Achievements of the Food Systems Summit

  • The summit created a mechanism for serious debates involving UN member states, civil society, non-governmental organisations, academics, researchers, individuals, and the private sector.
  • The debate and response focused on five identified action tracks namely: Ensure access to safe and nutritious food for all; Shift to sustainable consumption patterns; Boost nature-positive production; Advance equitable livelihoods, and Build resilience to vulnerabilities, shocks, and stress.
  • The Statement of Action emerging from the summit offers a concise set of ambitious, high-level principles and areas for action to support the global call to “Build back better” after the COVID-19 pandemic.

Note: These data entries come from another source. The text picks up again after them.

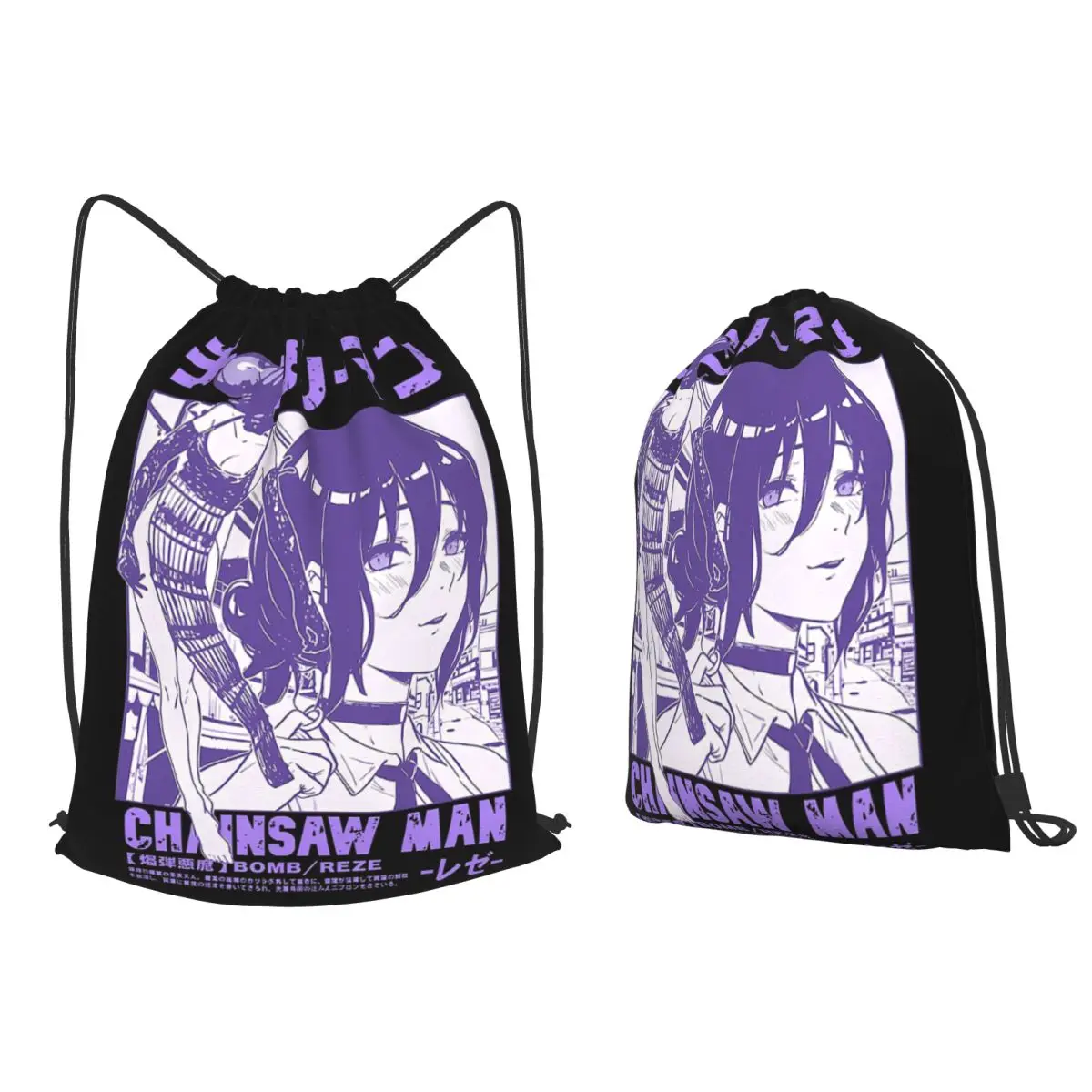 Anime Chainsaw Man Reze Backpacks Casual Drawstring Bags Sundries Bag Book Bags for Travel Students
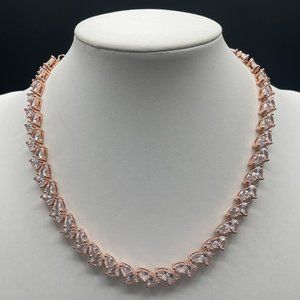 Rose Gold and Rhinestone Necklace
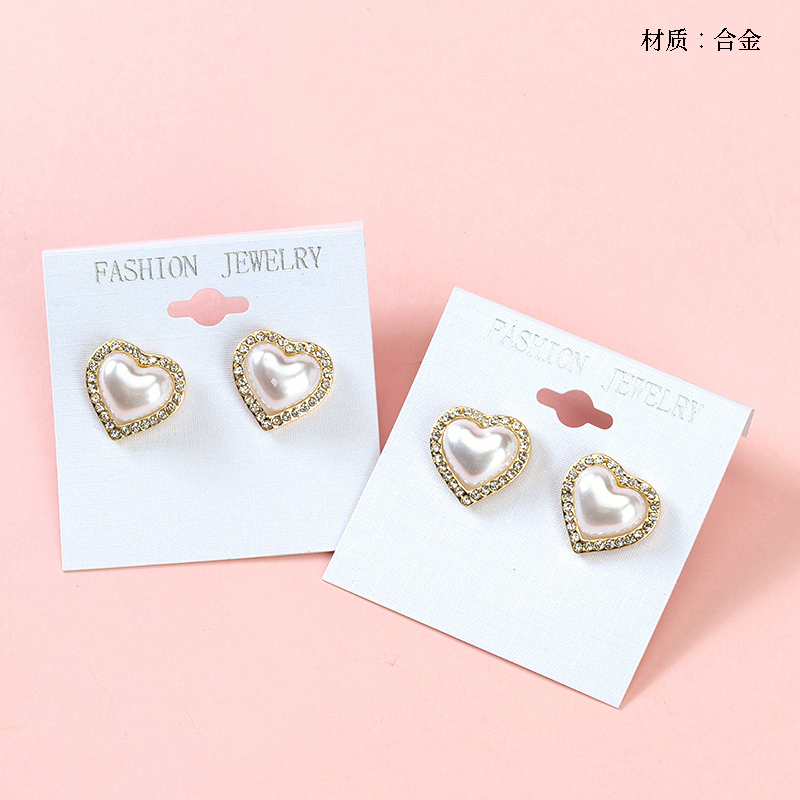 Full circle diamond love pearl earrings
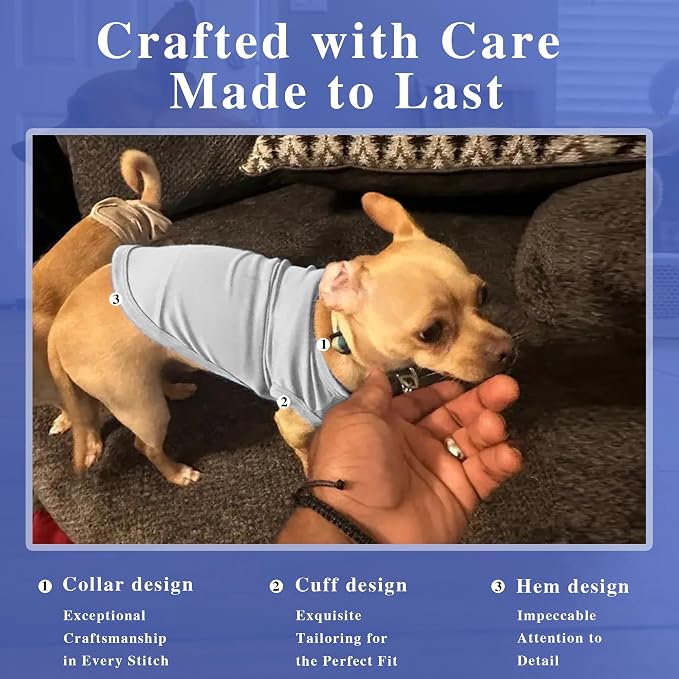 2 Pack Solid Color Dog Shirts – Lightweight, Breathable Pet T-Shirts, Durable Stretchy Clothes for Small to Large Dogs, Ideal for Everyday Wear & Holidays.Grey Blue Small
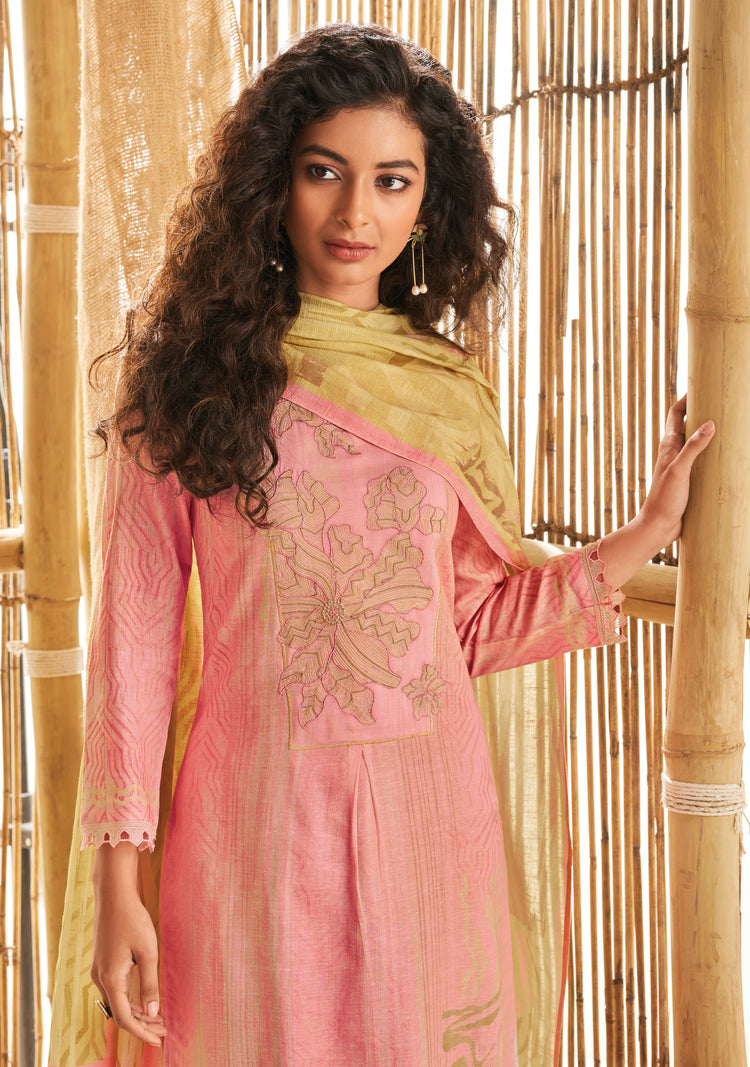 Ruia Linen Embroidered Suit With Printed Ruia Linen Dupatta Available in Lemonade Pink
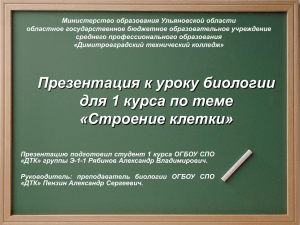 Министерство образования Ульяновской области областное государственное бюджетное образовательное учреждение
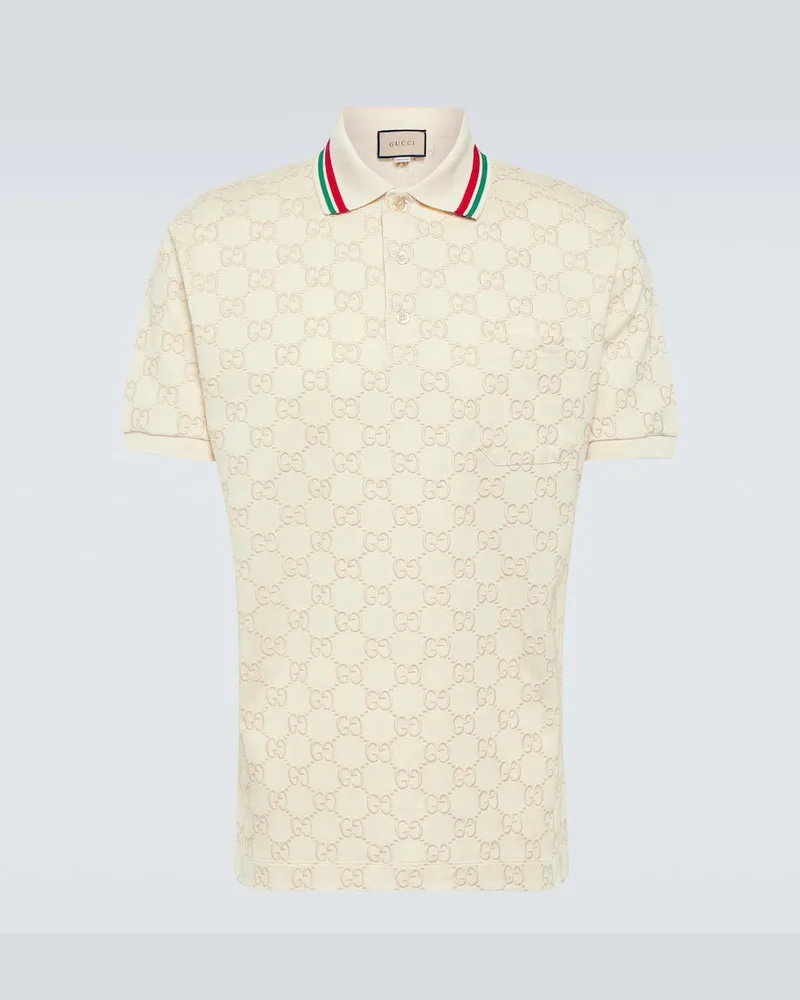 Gucci Polohemd GG aus Baumwolle Neutral
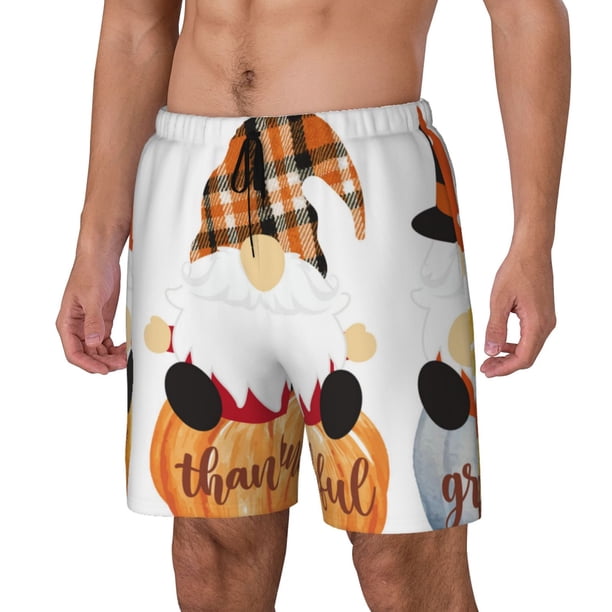 Fotbe Autumn Gnomes Traje de Baño para Hombre – Shorts de Natación de Secado Rápido con Forro y Bolsillos-XX-Large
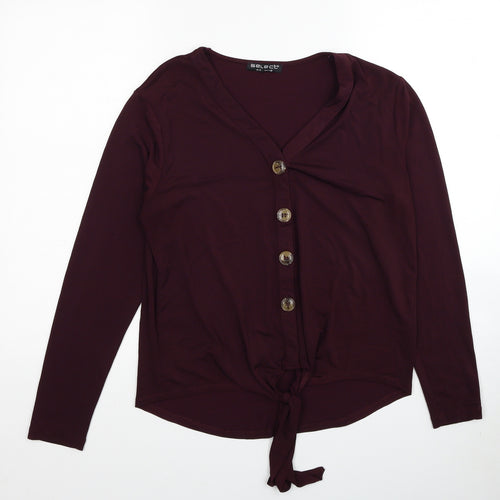 Select Womens Red Polyester Basic Button-Up Size 12 V-Neck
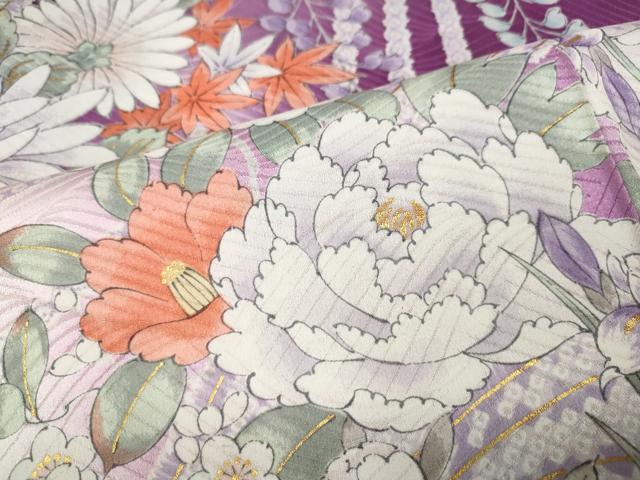 平和屋着物●豪華振袖 草花文 暈し染め 金彩 正絹 逸品 CABI9956ut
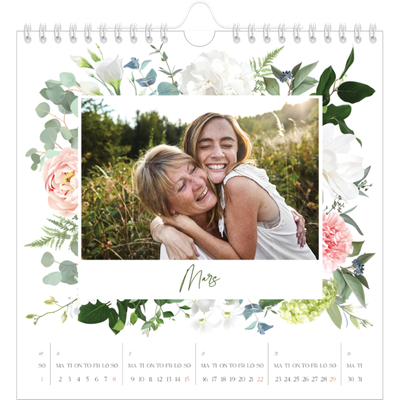 Månedskalender kvadratisk — Klassiske blomster [Mars]
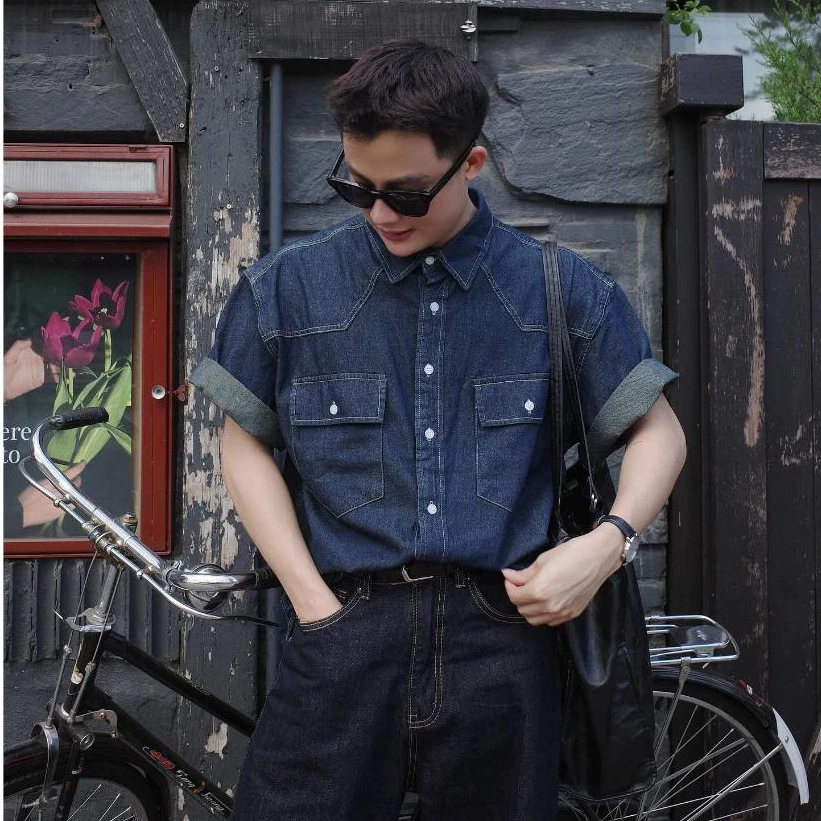 Áo Sơ Mi Denim ZUTEE Áo Sơ Mi Bò Form Rộng Kiểu Dáng Unisex Basic 2 Túi Ngực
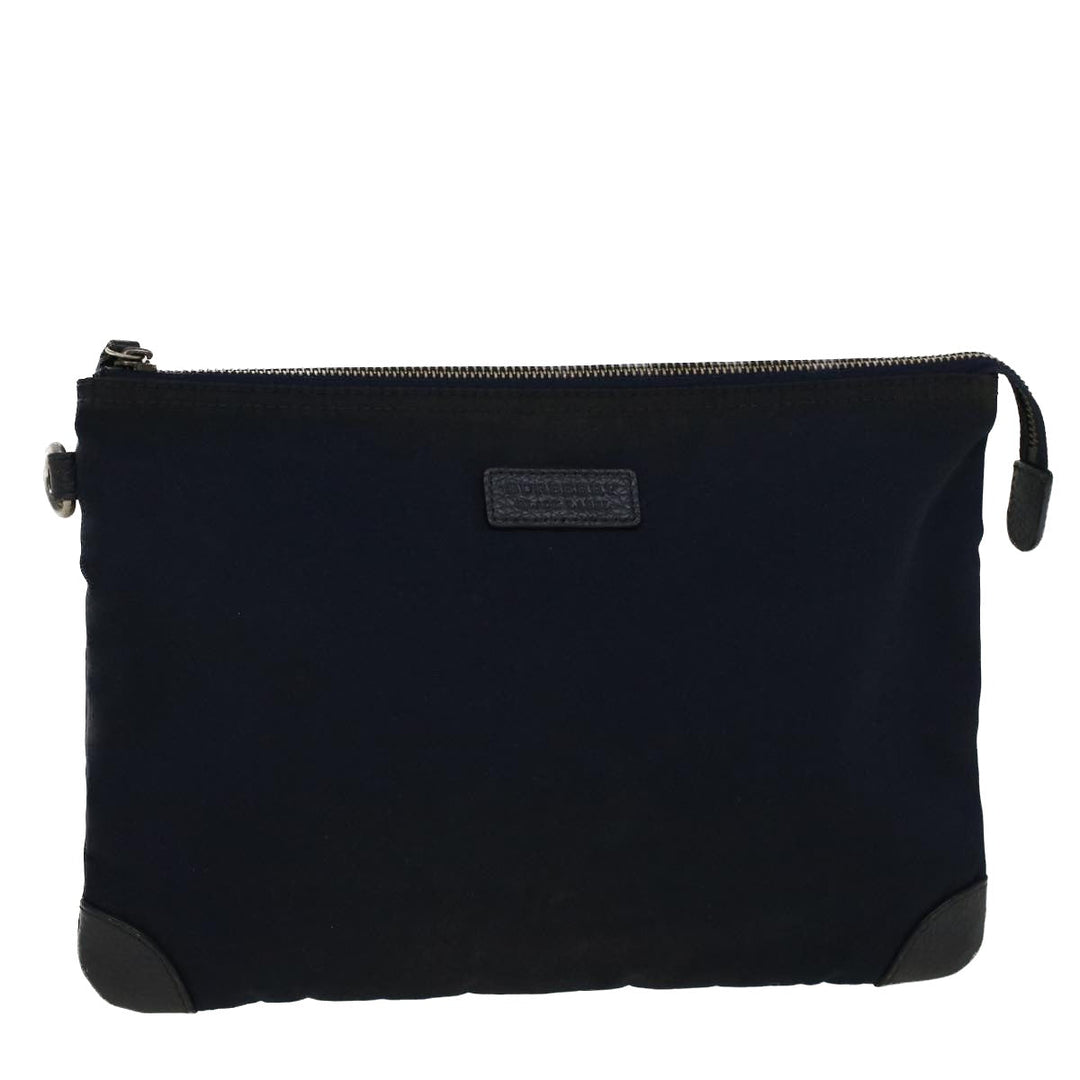 Burberry Black label Clutch Bag Nylon Leather Navy Auth 58127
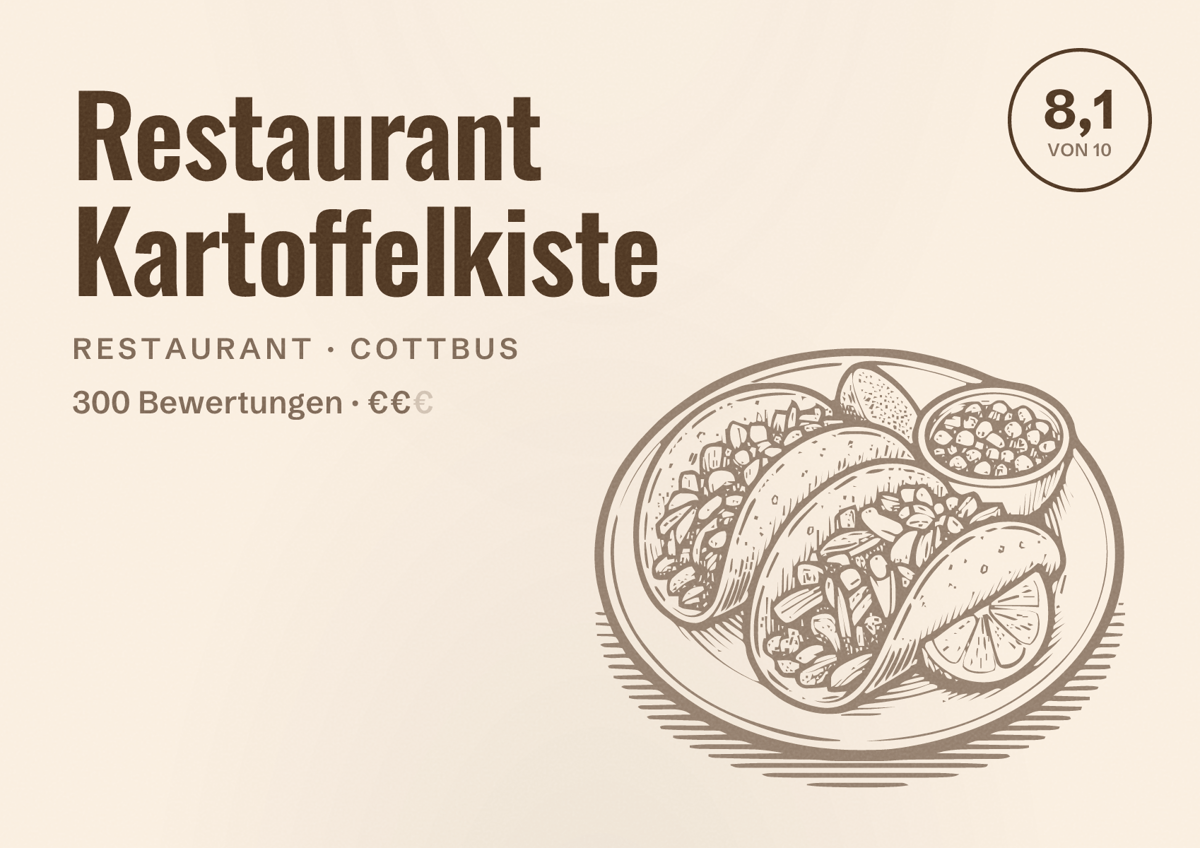 Illustriertes Poster von Restaurant Kartoffelkiste, Restaurant in Cottbus: Bewertung 8,1 von 10 aus 300 Bewertungen, Preisniveau €€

Lessons from India’s experience with food systems

  • India’s long journey from food shortage to surplus food producer offers several lessons for other developing countries.
  • The learnings encompassed elements of nutritional health, food safety and standards, sustainability, deployment of space technology, and the like.
  • Safety nets: One of India’s greatest contributions to equity in food is its National Food Security Act 2013 that anchors the Targeted Public Distribution System (TPDS), the Mid-Day meals (MDM), and the Integrated Child Development Services (ICDS).
  • Today, India’s food safety nets collectively reach over a billion people.
  • Food safety nets and inclusion are linked with public procurement and buffer stock policy.
  • Challenge of climate change: Climate change and unsustainable use of land and water resources are the most formidable challenges food systems face today.
  • The latest Intergovernmental Panel on Climate Change (IPCC) report has set the alarm bells ringing, highlighting the urgency to act now.
  • Nutrition and food diversity: Dietary diversity, nutrition, and related health outcomes are another area of concern as a focus on rice and wheat has created nutritional challenges of its own.
  • India has taken a bold decision to fortify rice supplied through the Public Distribution System with iron.
  • Low nutrition: Despite being a net exporter and food surplus country at the aggregate level, India has a 50% higher prevalence of undernutrition compared to the world average.
  • But the proportion of the undernourished population declined from 21.6% during 2004-06 to 15.4% during 2018-20.
  • Food wastage: Reducing food wastage or loss of food is a mammoth challenge and is linked to the efficiency of the food supply chain. Food wastage in India exceeds ₹1-lakh crore.

Need to eliminate hunger

  • The State of Food Security and Nutrition in the World’ report, estimates that around a tenth of the global population was undernourished last year.
  • Hunger and food insecurity are key drivers of conflict and instability across the world.
  • The Nobel Peace Prize 2020 conferred on the United Nations WFP highlighted the importance of addressing hunger to prevent conflicts and create stability.

Way forward

  • Collaboration: We must collaborate to invest, innovate, and create lasting solutions in sustainable agriculture contribution to equitable livelihood, food security, and nutrition.
  • Lessons from India: India has so much to offer from its successes, and learning also, to prepare itself for the next 20 to 30 years.
  • There is a need to reimagining the food system towards the goal of balancing growth and sustainability, mitigating climate change, ensuring healthy, safe, quality, and affordable food, maintaining biodiversity, improving resilience, and offering an attractive income and work environment to smallholders and youth.

Conclusion

We are on the cusp of a transformation to make the world free of hunger by 2030 and deliver promises for SDGs, with strong cooperation and partnership between governments, citizens, civil society organisations, and the private sector.